3D Scene Reconstruction Without Camera Motion

By Ashlyn Lacovara

Carnegie Mellon University and Fujitsu Research have released a new approach that dramatically improves 3D scene reconstruction from 2D images, even in highly dynamic environments with minimal camera movement. Instead of relying on large datasets to guess how things move, the team used a classic tracking method (Lucas-Kanade) and adapted it for dynamic Gaussian Splatting. This let them accurately track motion and changes in a scene by using math to calculate how every point moves.
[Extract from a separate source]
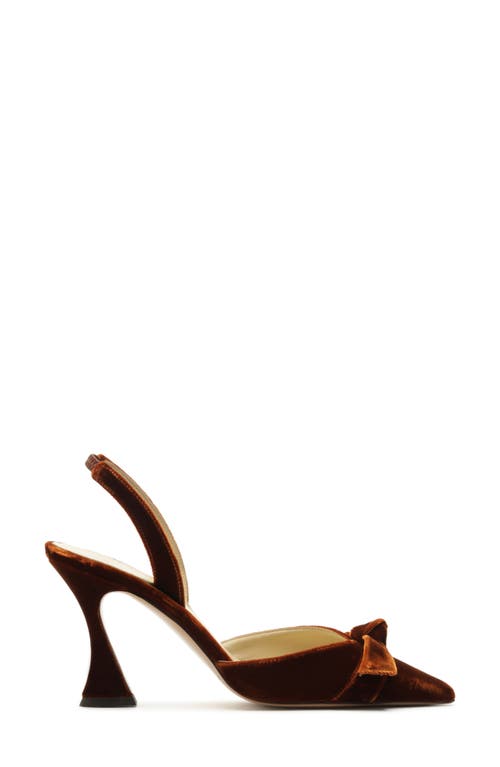Alexandre Birman Clarita Bow Pointed Toe Slingback Sandal In Brown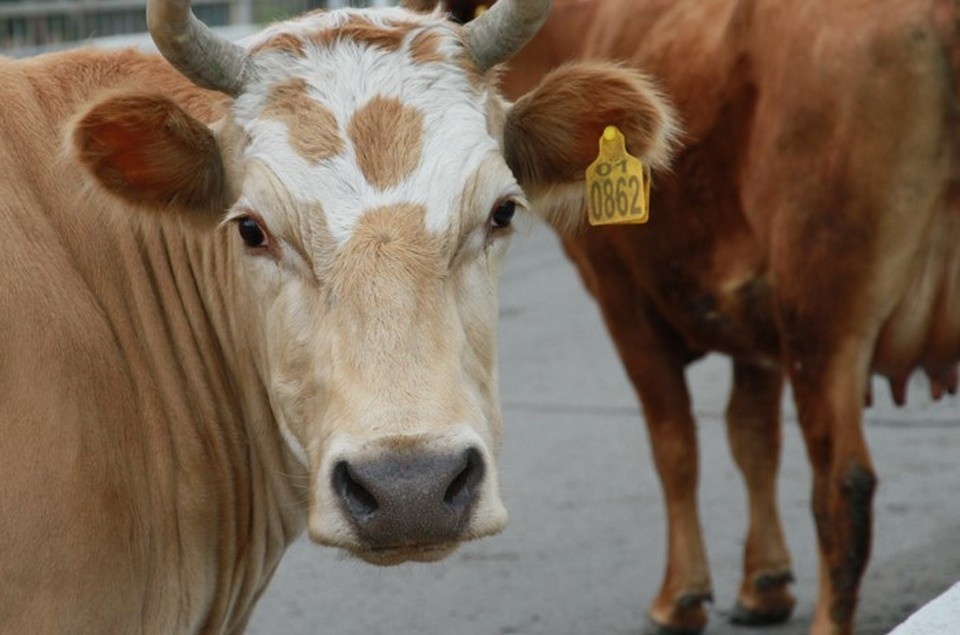    Владельцев призывают следить за состоянием животных Олег УКЛАДОВ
The researchers built on a foundational concept from the Lucas-Kanade method, which estimates how pixels move between video frames—a process known as optical flow. They extended this idea to the warp field used in Gaussian Splatting, a mathematical function that determines how individual Gaussians move through 3D space. By analyzing this warp field, they derived a velocity field that describes both the direction and speed of each point in the scene. Through time integration, they were able to track these points across multiple frames, resulting in a precise estimate of scene flow—the 3D equivalent of optical flow. This approach enables accurate modeling of motion in dynamic scenes, even when the camera itself doesn’t move significantly.

This approach is exciting because it overcomes some of the biggest limitations in 3D scene reconstruction—namely, the need for a moving camera and large, data-driven models trained on specific types of scenes. Traditional methods rely heavily on motion parallax, the effect where objects closer to the camera appear to move faster than those farther away, helping systems estimate depth as the camera moves. However, when the camera stays relatively still, those depth cues disappear, making reconstruction much harder. Instead of depending on motion parallax or biased training priors, this method analytically computes how objects move in 3D space, enabling it to handle highly dynamic environments where people, vehicles, or other objects are in motion. By adapting classical optical flow techniques to the warp field in Gaussian Splatting and deriving a velocity field through time integration, the researchers achieved accurate scene flow estimation even in the absence of significant camera movement. Their results show strong performance across both synthetic and real-world datasets, highlighting the method's versatility and real-world potential for applications like robotics, AR/VR, and video analysis.

gslk_results.gif

The significance of this work lies not only in its technical innovation but also in its potential to expand the capabilities of 3D scene understanding in real-world conditions—where camera motion is limited and environments are dynamic. By removing the dependence on learned priors and leveraging a purely analytical approach, this method opens new possibilities for robotics, autonomous systems, and immersive technologies. The research will be formally presented at the International Conference on Learning Representations (ICLR) 2025, where the team will share their methodology, experimental results, and potential applications in robotics and dynamic scene reconstruction.